**ABOUT THIS TASK:** Line by line, transcribe the material shown below exactly.

*** DATASET EXTRACT

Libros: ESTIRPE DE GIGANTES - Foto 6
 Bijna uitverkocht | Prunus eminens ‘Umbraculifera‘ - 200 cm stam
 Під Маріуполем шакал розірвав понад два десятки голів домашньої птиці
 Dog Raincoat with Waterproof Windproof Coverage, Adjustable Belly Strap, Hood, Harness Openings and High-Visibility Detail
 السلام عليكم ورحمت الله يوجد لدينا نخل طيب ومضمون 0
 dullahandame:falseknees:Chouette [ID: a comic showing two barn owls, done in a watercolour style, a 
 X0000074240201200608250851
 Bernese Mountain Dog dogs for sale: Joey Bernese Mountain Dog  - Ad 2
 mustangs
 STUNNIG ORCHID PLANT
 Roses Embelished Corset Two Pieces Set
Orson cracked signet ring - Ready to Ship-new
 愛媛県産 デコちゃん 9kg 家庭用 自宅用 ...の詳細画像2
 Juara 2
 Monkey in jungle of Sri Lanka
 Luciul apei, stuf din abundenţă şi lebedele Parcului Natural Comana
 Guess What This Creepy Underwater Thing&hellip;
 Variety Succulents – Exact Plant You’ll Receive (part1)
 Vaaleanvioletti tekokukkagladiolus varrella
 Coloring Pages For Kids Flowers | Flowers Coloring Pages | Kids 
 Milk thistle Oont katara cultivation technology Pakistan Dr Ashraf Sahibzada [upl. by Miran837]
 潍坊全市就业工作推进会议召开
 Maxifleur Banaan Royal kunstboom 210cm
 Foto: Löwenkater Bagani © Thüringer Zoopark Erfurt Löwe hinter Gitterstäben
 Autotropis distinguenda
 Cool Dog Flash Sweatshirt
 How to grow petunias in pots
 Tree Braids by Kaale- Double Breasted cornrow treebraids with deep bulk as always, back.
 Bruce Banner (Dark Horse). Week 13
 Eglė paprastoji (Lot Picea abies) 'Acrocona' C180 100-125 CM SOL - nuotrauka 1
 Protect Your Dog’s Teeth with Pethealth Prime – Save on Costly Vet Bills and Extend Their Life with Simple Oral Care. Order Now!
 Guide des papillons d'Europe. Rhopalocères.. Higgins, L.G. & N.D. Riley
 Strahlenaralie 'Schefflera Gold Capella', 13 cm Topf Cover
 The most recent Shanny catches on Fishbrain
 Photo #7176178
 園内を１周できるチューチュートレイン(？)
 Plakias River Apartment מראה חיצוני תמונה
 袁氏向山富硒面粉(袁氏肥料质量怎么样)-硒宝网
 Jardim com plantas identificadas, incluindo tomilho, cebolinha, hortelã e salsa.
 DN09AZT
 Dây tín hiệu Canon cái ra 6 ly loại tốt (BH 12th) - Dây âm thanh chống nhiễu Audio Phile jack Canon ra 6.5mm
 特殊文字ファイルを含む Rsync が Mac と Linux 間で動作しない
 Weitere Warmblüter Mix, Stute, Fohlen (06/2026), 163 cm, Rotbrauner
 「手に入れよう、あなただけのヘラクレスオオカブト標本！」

******

**WRITTEN RESPONSE:**
Libros: ESTIRPE DE GIGANTES - Foto 6
 Bijna uitverkocht | Prunus eminens ‘Umbraculifera‘ - 200 cm stam
 Під Маріуполем шакал розірвав понад два десятки голів домашньої птиці
 Dog Raincoat with Waterproof Windproof Coverage, Adjustable Belly Strap, Hood, Harness Openings and High-Visibility Detail
 السلام عليكم ورحمت الله يوجد لدينا نخل طيب ومضمون 0
 dullahandame:falseknees:Chouette [ID: a comic showing two barn owls, done in a watercolour style, a 
 X0000074240201200608250851
 Bernese Mountain Dog dogs for sale: Joey Bernese Mountain Dog  - Ad 2
 mustangs
 STUNNIG ORCHID PLANT
 Roses Embelished Corset Two Pieces Set
Orson cracked signet ring - Ready to Ship-new
 愛媛県産 デコちゃん 9kg 家庭用 自宅用 ...の詳細画像2
 Juara 2
 Monkey in jungle of Sri Lanka
 Luciul apei, stuf din abundenţă şi lebedele Parcului Natural Comana
 Guess What This Creepy Underwater Thing&hellip;
 Variety Succulents – Exact Plant You’ll Receive (part1)
 Vaaleanvioletti tekokukkagladiolus varrella
 Coloring Pages For Kids Flowers | Flowers Coloring Pages | Kids 
 Milk thistle Oont katara cultivation technology Pakistan Dr Ashraf Sahibzada [upl. by Miran837]
 潍坊全市就业工作推进会议召开
 Maxifleur Banaan Royal kunstboom 210cm
 Foto: Löwenkater Bagani © Thüringer Zoopark Erfurt Löwe hinter Gitterstäben
 Autotropis distinguenda
 Cool Dog Flash Sweatshirt
 How to grow petunias in pots
 Tree Braids by Kaale- Double Breasted cornrow treebraids with deep bulk as always, back.
 Bruce Banner (Dark Horse). Week 13
 Eglė paprastoji (Lot Picea abies) 'Acrocona' C180 100-125 CM SOL - nuotrauka 1
 Protect Your Dog’s Teeth with Pethealth Prime – Save on Costly Vet Bills and Extend Their Life with Simple Oral Care. Order Now!
 Guide des papillons d'Europe. Rhopalocères.. Higgins, L.G. & N.D. Riley
 Strahlenaralie 'Schefflera Gold Capella', 13 cm Topf Cover
 The most recent Shanny catches on Fishbrain
 Photo #7176178
 園内を１周できるチューチュートレイン(？)
 Plakias River Apartment מראה חיצוני תמונה
 袁氏向山富硒面粉(袁氏肥料质量怎么样)-硒宝网
 Jardim com plantas identificadas, incluindo tomilho, cebolinha, hortelã e salsa.
 DN09AZT
 Dây tín hiệu Canon cái ra 6 ly loại tốt (BH 12th) - Dây âm thanh chống nhiễu Audio Phile jack Canon ra 6.5mm
 特殊文字ファイルを含む Rsync が Mac と Linux 間で動作しない
 Weitere Warmblüter Mix, Stute, Fohlen (06/2026), 163 cm, Rotbrauner
 「手に入れよう、あなただけのヘラクレスオオカブト標本！」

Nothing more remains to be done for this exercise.